Chapter 5 Handling projections and coordinate systems

5.1 Projections and coordinate systems

Even well-seasoned GIS analysts can stumble over projections and coordinate systems.

A projection is simply a mathematical function for transforming the X and Y coordinates of a point in one spatial reference framework to X and Y coordinates in a different spatial reference framework.

Initially, any point on the earth can have its location specified by the degrees north or south of the equator (latitude) and west or east of the Greenwich meridian (longitude). These spherical coordinates can be transformed to Cartesian coordinates using tried and true projection transformation equations. For the geodesically inclined, see Snyder’s comprehensive work, Map Projections–A working Manual.

For example, the Space Needle shows up in Google Maps at (-122.349276°, 47.620517°)

The same location on the USGS topographic sheet indicates tick marks for both UTM and State Plane coordinates. For the same location on the earth’s surface, the WA State Plane North HARN coordinates are (1266575.4, 230021.7) ft, and the UTM Zone 10 N coordinates are (548894.1, 5274326.9) m.

BONUS Why would you use a Cartesian projected coordinate reference system versus a geographic (latitude/longitude) reference system?

5.2 On-the-fly projection in desktop GIS

How is it that we could not see the ZIP code outlines in our R map (Chapter @(export)) when they appeared just fine in QGIS? Desktop GIS applications including ArcMap and QGIS employ “on-the-fly” projection.

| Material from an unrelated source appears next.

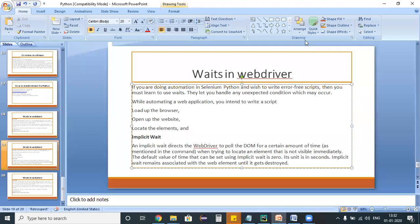Hello, hi everyone. Welcome to Selenium Python training program. Today we are going to discuss about waits.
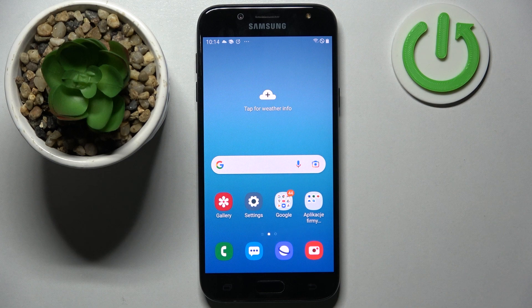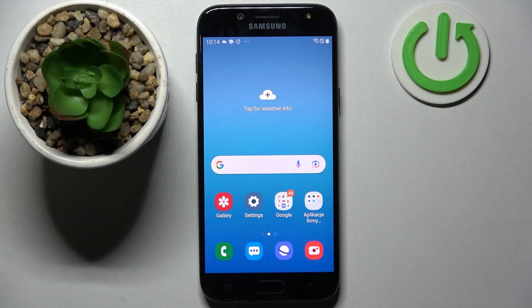Hi! In front of me is Samsung Galaxy J5 2017 and today I would like to show you how you can manage app permissions on this smartphone.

The software will read any existing coordinate reference system (CRS) tags associated with a data set (e.g., a .prj file as part of a shape file or a “world file” accompanying a TIFF or JPEG file). The software will transform the coordinates of the data to match the CRS of other data in the same map viewer. This process does not alter data in any way, but rather just changes display properties.

On-the-fly projection for mapping is highly convenient, particularly if you have many different data sets that originated from different agencies, each of which uses a different CRS standard. For example, some products from the USGS are referenced to latitude/longitude and some are referenced to UTM; the City of Seattle and King County uses WA State Plane North and the Washington State Departments of Transportation and Natural Resources uses WA State Plane South.

However, there is a dark side. Although the layers appear to register correctly, any analyses performed between layers will not produce correct results. This is because the geoprocessing algorithms use the absolute numerical values of the coordinates as if they were drawn on a sheet of graph paper, without respect to whether those coordinates represent any particular CRS. For this reason, any for project involving GIS analysis using multiple data sources, the first step should be to decide on a single CRS and transform all data as necessary to be stored in that CRS.

Which CRS to use will depend on which distortion you want to minimize: area, shape, distance, or direction. See the USGS Map Projections poster for details, which are beyond the scope of this workshop.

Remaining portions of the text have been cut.